Re: RDF Update Feeds + URI time travel on HTTP-level from Erik Hetzner on 2009-11-24 (public-lod@w3.org from November 2009)

From: Erik Hetzner <erik.hetzner@ucop.edu>
Date: Mon, 23 Nov 2009 17:13:04 -0800
To: Linked Data community <public-lod@w3.org>
Message-ID: <P-IRC-EXBE01ntdb2HV000029cc@EX.UCOP.EDU>

At Tue, 24 Nov 2009 10:14:01 +1000,
Peter Ansell wrote:
> 2009/11/24 Erik Hetzner <erik.hetzner@ucop.edu>:
> […]
> > On the other hand, there is, nothing I can see that prevents one URI
> > from representing another URI as it changes through time. This is
> > already the case with, e.g.,
> > <http://web.archive.org/web/*/http://example.org>, which represents
> > the URI <http://example.org> at all times. So this URI could, perhaps,
> > be a target for X-Accept-Datetime headers.
> 
> This is still a different URI though, and requires you to know that
> web.archive.org exists and that it has infact trawled example.org.

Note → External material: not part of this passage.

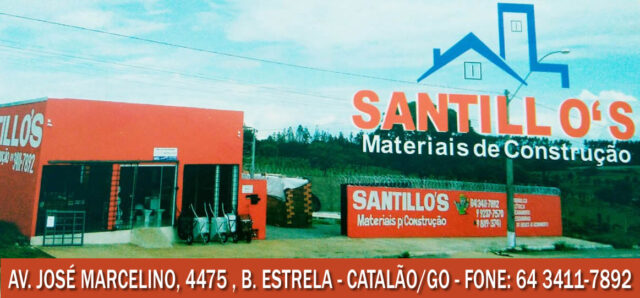 SANTILLO'S MATERIAIS PARA CONSTRUÇÃO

I agree. I was trying to suggest that, while I agree with Mark Baker
that:

  all HTTP requests, no matter the headers, are requests upon the
  current state of the resource identified by the Request-URI, and
  therefore, a request for a representation of the state of "Resource
  X at time T" needs to be directed at the URI for "Resource X at time
  T", not "Resource X".

there could conceivably be a resource, e.g.,
<http://web.archive.org/web/*/http://example.org/>, whose
representation could vary based on HTTP headers because it represents
all versions of another resource <http://example.org/> as that other
resource varied across time.

> The clean aspect of using headers is that you don't have to munge
> the URI or attach it to the path of another URI in order to make the
> process work.

I agree that it is nice to be able to not munge URIs to get archival
content. Rewriting URIs for archived web content is a very difficult
task which is prone to error, and if a user is browsing a web archive
they often end up with ‘live’ (unarchived) web content in embeds, etc.
instead of the archived content.

But if the tradeoff for not munging URIs is to hide the archival
nature of a resource in the HTTP headers I don’t think it is worth it.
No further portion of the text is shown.